El progresismo cristinista
La debilidad del progresismo argentino se observa muy concretamente cuando se tienen en cuenta algunos números:
Mientras que la reforma agraria en Bolivia ha promovido la repartición de miles de hectáreas a manos de campesinos e indígenas, en Argentina ha avanzado en el sentido contrario: el 2% de las explotaciones agropecuarias representa el 50 % de la tierra y el 57 % de las explotaciones agropecuarias más pequeñas tienen sólo el 3 % de la tierra.
Mientras que el canon promedio que deben pagar las transnacionales mineras y petroleras en Argentina ronda en el 18 % [7], en países como Ecuador o Bolivia llega al 80%.
Si se tiene en cuenta la inflación y se contemplan el 20% de personas que apenas escapan a la línea de la pobreza, abarcamos al 50% de la población general, después de 10 años de crecimiento económico sostenido.
La búsqueda de consolidar procesos autonómicos de gestión barrial en los “consejos” venezolanos, el empoderamiento que significa que un sector social mayoritario aborigen y/o campesino tradicionalmente excluido haya llegado a ocupar la mayoría de las alcaldías en Bolivia, las rupturas civilizatorias que empujan las constituciones boliviana o ecuatoriana al implantar en el debate latinoamericano conceptos de tanta capacidad transformadora como los de “Buen vivir” o “Derechos de la naturaleza”, más allá de lo contradictorio, confusos o incluso traicioneros respecto de los propios procesos que puedan ser los gobiernos que los impulsan, hablan de la profundidad de fenómenos políticos y sociales que no encuentran ningún eco en una realidad argentina dominada mucho mas por las permanencias que por los cambios.

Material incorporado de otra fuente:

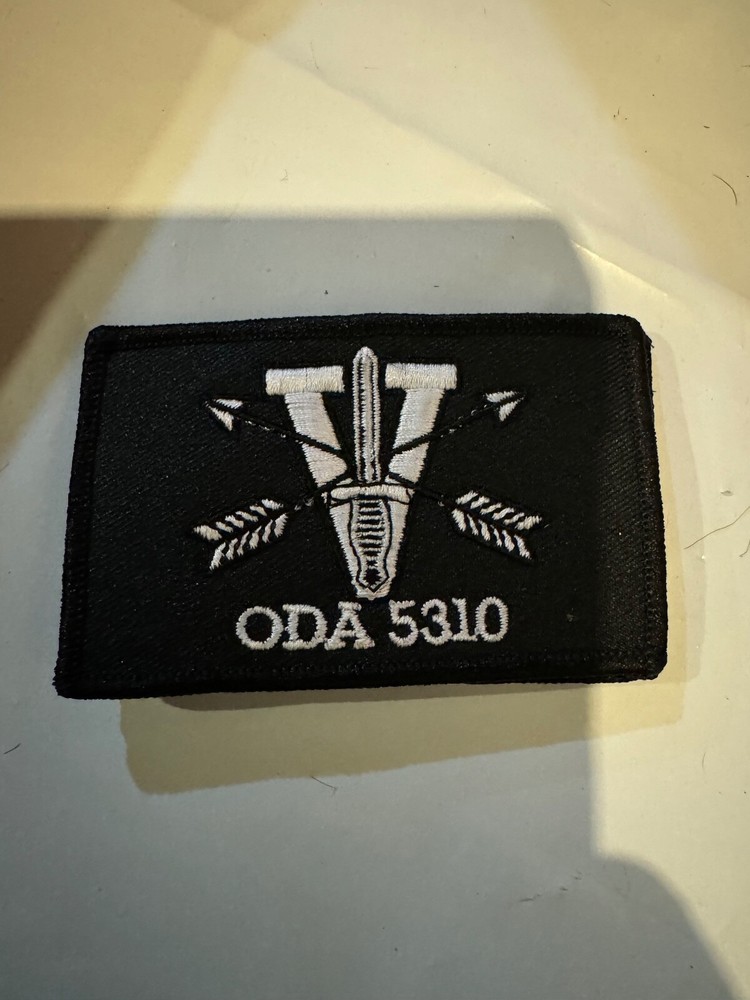 rare 5th special forces oda 5310 b&w team patch hook backed seal cag devgru nsw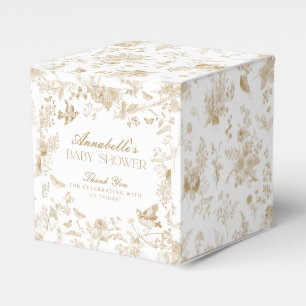 Toile Or De Jouy Baby shower Floral Ballotins
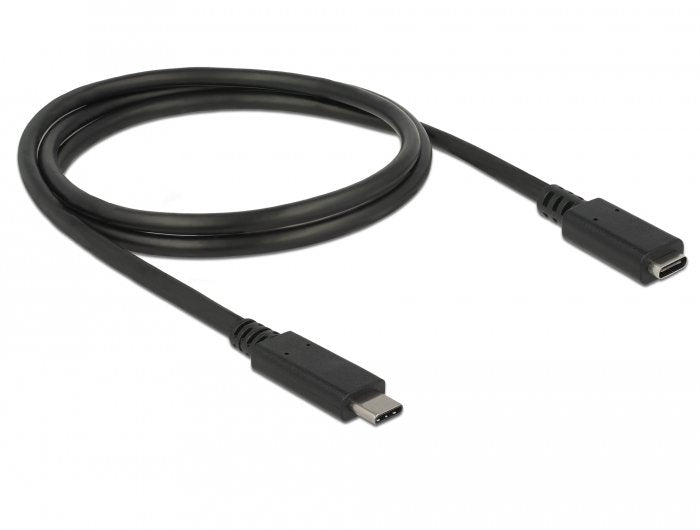 Delock 85532 Cable Usb-C M/H 1m Negro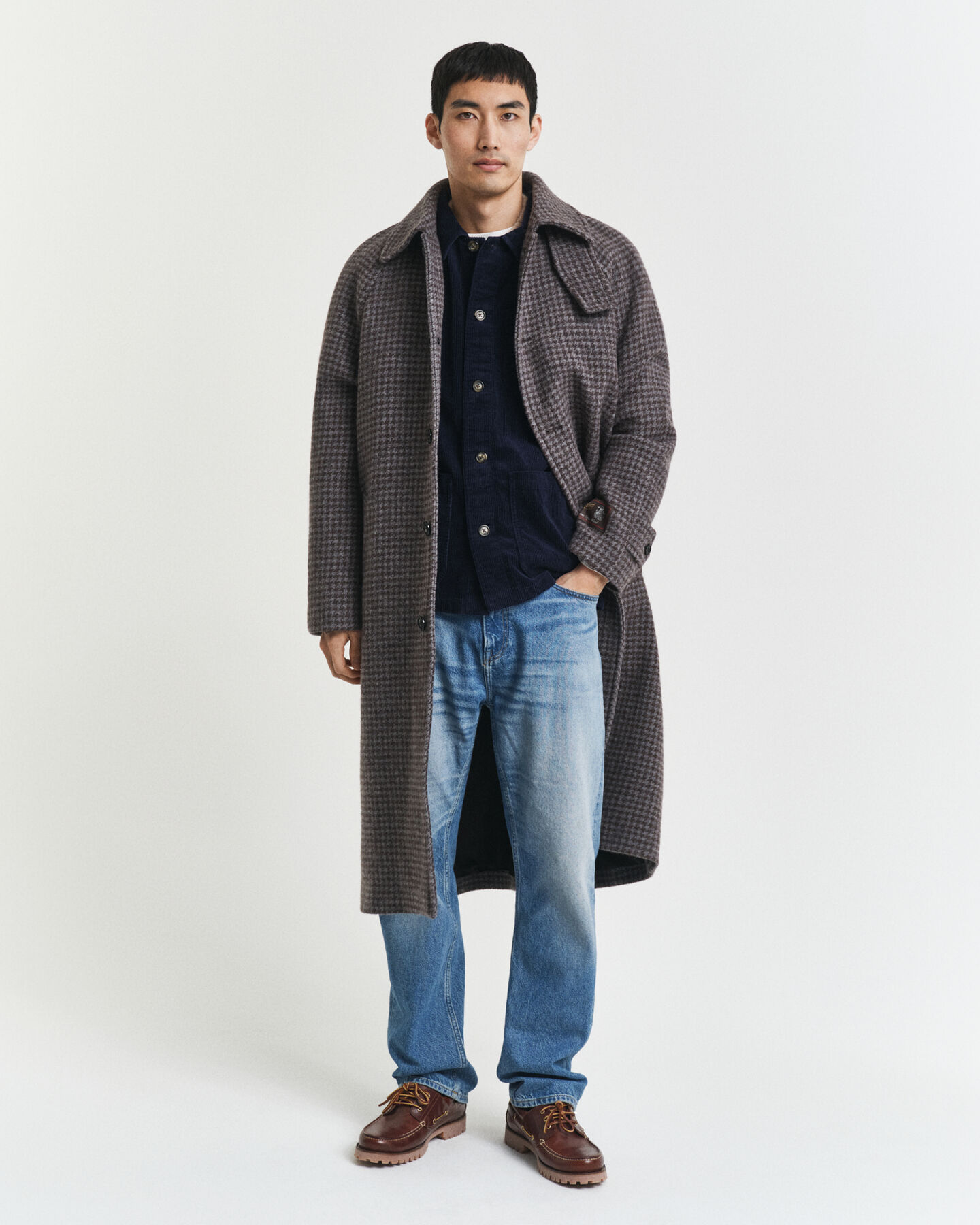 Regular fit skjortjacka i manchester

La debilidad de las reformas, las dificultades para la gestión (desastrosa en áreas tan caras a la población más vulnerable como transporte público, control de la inflación y energía), las alianzas con sectores de poder enquistados en el conurbano bonaerense y las provincias, la persistencia de una política impositiva regresiva y multiplicadora de desigualdad, la escasez de figuras políticas, de debates y de ideas, acompañado de una apuesta ciega por el extractivismo, indican en conjunto que el cristinismo se encuentra atrapado entre límites muy estrechos y tiene escasa vocación política para impulsar transformaciones de la envergadura que reclaman, al menos para la izquierda, los desafíos del siglo XXI.